The union is taking part in the “Wall of Debt” campaign along with other universities across the country that are part of the Canadian Alliance of Student Associations (CASA). Students can write their amount of debt on a sheet of paper, then place it on the wall.
“It’s an easy way to contribute to a campaign which aims to bring awareness to student debt and financial assistance as huge issues that need to be addressed,” said UNBSU president Ben Whitney.
“Affordability is still one of the biggest issues contributing to lower post-secondary access and it’s something we need to address as a fundamental barrier in our education system.”
Whitney, who was the first in his family to attend university, has his own issues when dealing with student debt. He has accumulated around $40,000 in both public/private debt just in completing his undergrad.
“It’s been a struggle to finance my schooling and paying off the vast amount of debt I’ve accumulated is going to be difficult and definitely contributes to my stress levels in a major way,” he said.
The average student takes on over $30,000 in debt to complete this degree. Whitney said one of the goals is to get more people talking about the issue.
“We work on these issues with CASA and the [New Brunswick Student Alliance] frequently but we always want to get students more involved in our advocacy efforts and this is a great way to do that,” he said.
The UNBSU will start building their wall next week at SUB entryway by the SUB store.
Up the hill, the St. Thomas University Students’ Union started building their wall this week. Luke Robertson, vice-president education for the STUSU said the campaign will put a human face to the issue of student debt.

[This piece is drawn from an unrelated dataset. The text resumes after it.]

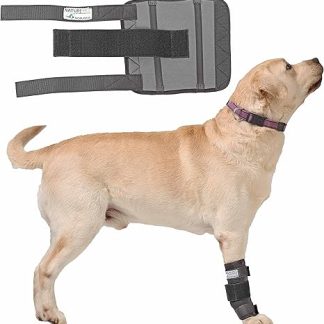 Nature Pet Dog Karpalg Joint Protective Wrist Support for Carp Olock Medium (S)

“It’s easy to pick out a statistic but that’s not very human,” Robertson said. “We are students who are leaving post secondary education with a significant barrier to our future success placed on our backs from the get go.”

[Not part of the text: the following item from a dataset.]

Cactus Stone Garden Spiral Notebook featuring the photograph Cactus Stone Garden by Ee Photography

Some of these barriers are not just financial.
“This is a multi-factor issue as well, with financial concern being a primary concern for many students and a significant contributor to mental health issues such as anxiety and depression,” he said.

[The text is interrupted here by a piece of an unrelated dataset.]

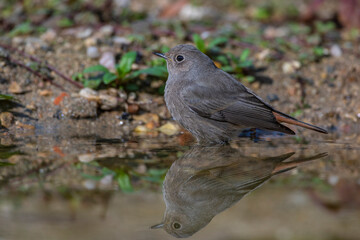 Hausrotschwanz (Phoenicurus ochruros) Weibchen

Robertson said he has around $30,000 in debt and recently maxed out his $10,000 line of credit.
“Most students who do have debt have a mix of both public and private,” he said. “Which is difficult to manage as there are far fewer mechanisms in place to help students who have private debt.”
He hopes the campaign will start a national conversation about the student debt.
“We also want students to start talking about their own debt, and see that it is something we can make some real progress with,” Robertson said.
“Hopefully this will help prompt government to take action and work to have students better prepared for life after post-secondary education.”